I've tried to implement the n log n solution to the longest increasing subsequence problem (where you need to find a longest subsequence where each element is larger than the previous one of a given sequence), one which will find the actual subsequence that is longest (not just its length). I've worked off of this video - https://www.youtube.com/watch?v=S9oUiVYEq7E - but sadly I don't think the algorithm shown on the video is correct - it seems to at least work for the exact input that is shown on the video, but doesn't work for others, such as [1, 8, 6, 4, 9, 8, 3, 5, 2, 7, 1, 9, 5, 7].

from bisect import bisect_left, bisect_right
from math import floor, ceil


sequence = [3, 4, -1, 5, 8, 2, 3, 12, 7, 9, 10]
indexes = [0]
helper = [-1] * len(sequence)
for i in range(1, len(sequence)):
    if len(indexes) == 0 or sequence[i] > sequence[indexes[-1]]:
        indexes.append(i)
        helper[i] = indexes[-2]
    else:
        ceiltable = bisect_right([sequence[x] for x in indexes], sequence[i])
        indexes[ceiltable] = i
        if ceiltable > 0:
            helper[i] = indexes[ceiltable - 1]



solution = [sequence[x] for x in indexes]


print(f"longest increasing subsequence is {solution}, and has a lenght of  {len(solution)}")

And my question(s) are - can anyone confirm/disconfirm whether the algorithm shown in that video is actually correct and what might be wrong with my implementation of it? Also, can I ask anyone to provide a simple explanation/pseudocode/mockup of the n log n solution of this problem? I tried searching of course, But I don't think there is anything that really explains how this solution works, or specifically how an implementation of it would work - and again, just to note, I also have to return the actual subsequence, not just the length.


Solution

  • The video you refer to explains he algorithm correctly.
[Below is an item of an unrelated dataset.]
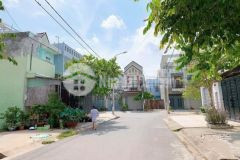 Đất gia đình cần bán lô đất. 95m2 giá 1ty2. bao sang tên. tp biên hòa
    There are two issues in your implementation:

    • You should use bisect_left instead of bisect_right, as otherwise you will allow solutions that are in fact non-decreasing sequences (with potential duplicate values) instead of strictly increasing sequences. And bisect_right may also result in an index that is equal to the length of the list, resulting in an invalid index access error. (Side note: If you really want to use bisect_right and find non-decreasing sequences, then make the preceding if condition >=)

    • The code does not translate the gathered data correctly into a solution. You really need to use the helper list to trace back the solution. Here is the code you could use:

      solution = []
      i = indexes[-1]  # start with the index of the last value of the longest sequence
      while i >= 0:
          solution.append(sequence[i])
          i = helper[i]  # Look up what the optimal predecessor is of that index
      solution.reverse()  # Reverse the solution since we populated it in reverse order
      

    Other remark

    The way you perform binary search is not efficient because you iterate the whole list with a list comprehension. That defeats the efficiency offered by binary search. You should have the values ready for binary search, so keep them in a separate list that you maintain throughout the algorithm, and don't do such a list comprehension any more at the time of the binary search.